## Brief
Return the records as they stand. No picture is to be included.
☆ ☆ ☆ ☆
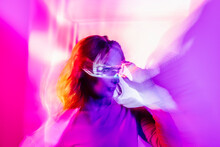 Young Woman With Led Glasses Eyes In Studio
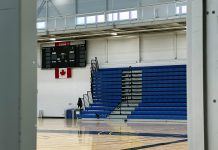 Police search for suspects after replica handgun found during high school basketball game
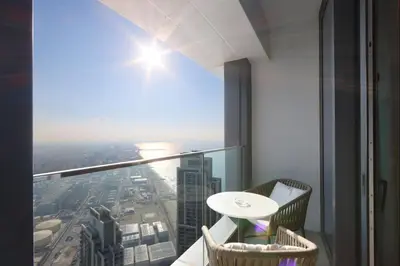 a room with a table and a view of a city at Stunning 1BR with Marina View And Beach Access in Dubai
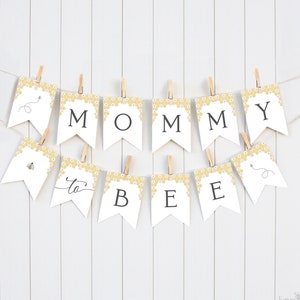 Puede incluir: Bandera blanca con un patrón de panal de abeja amarillo y texto negro que dice "Mommy to Bee". La bandera está atada con cuerda y pinzas para la ropa.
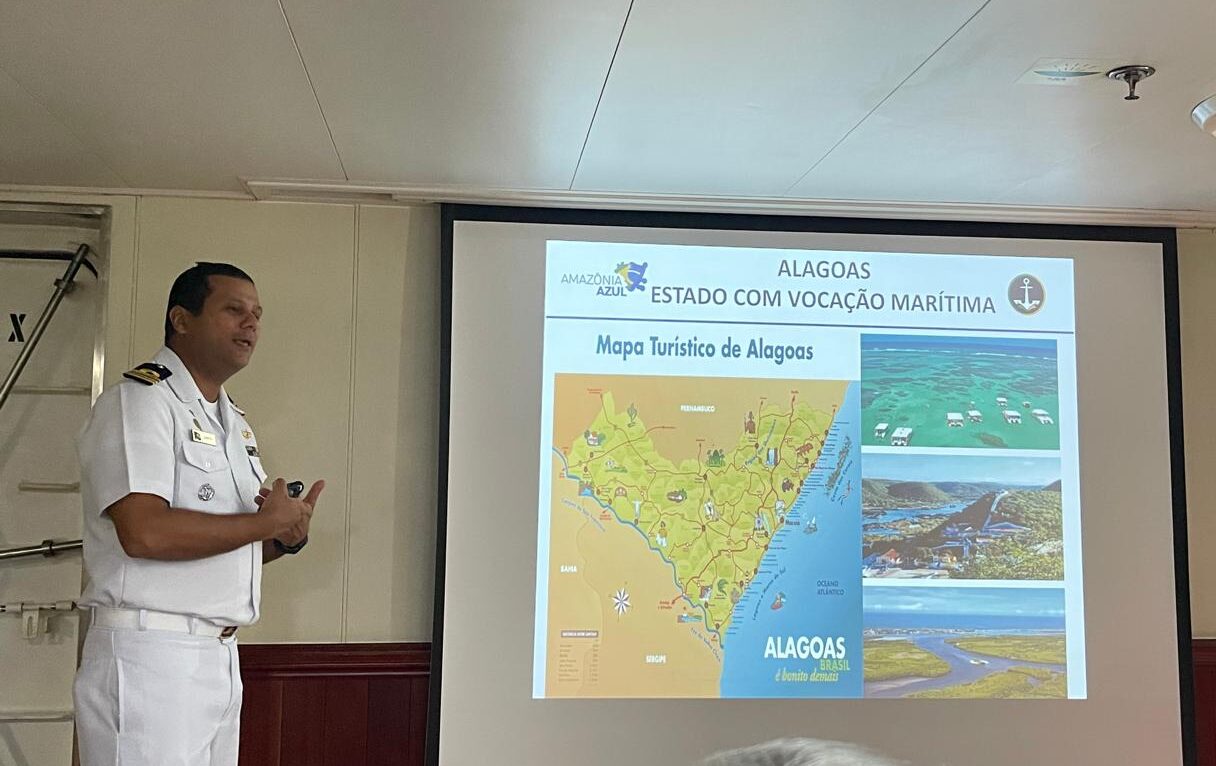 Palestrante mostra mapa turístico de Alagoas.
☆ ☆ ☆ ☆
## Solution below
 Young Woman With Led Glasses Eyes In Studio
 Police search for suspects after replica handgun found during high school basketball game
 a room with a table and a view of a city at Stunning 1BR with Marina View And Beach Access in Dubai
 Puede incluir: Bandera blanca con un patrón de panal de abeja amarillo y texto negro que dice "Mommy to Bee". La bandera está atada con cuerda y pinzas para la ropa.
 Palestrante mostra mapa turístico de Alagoas.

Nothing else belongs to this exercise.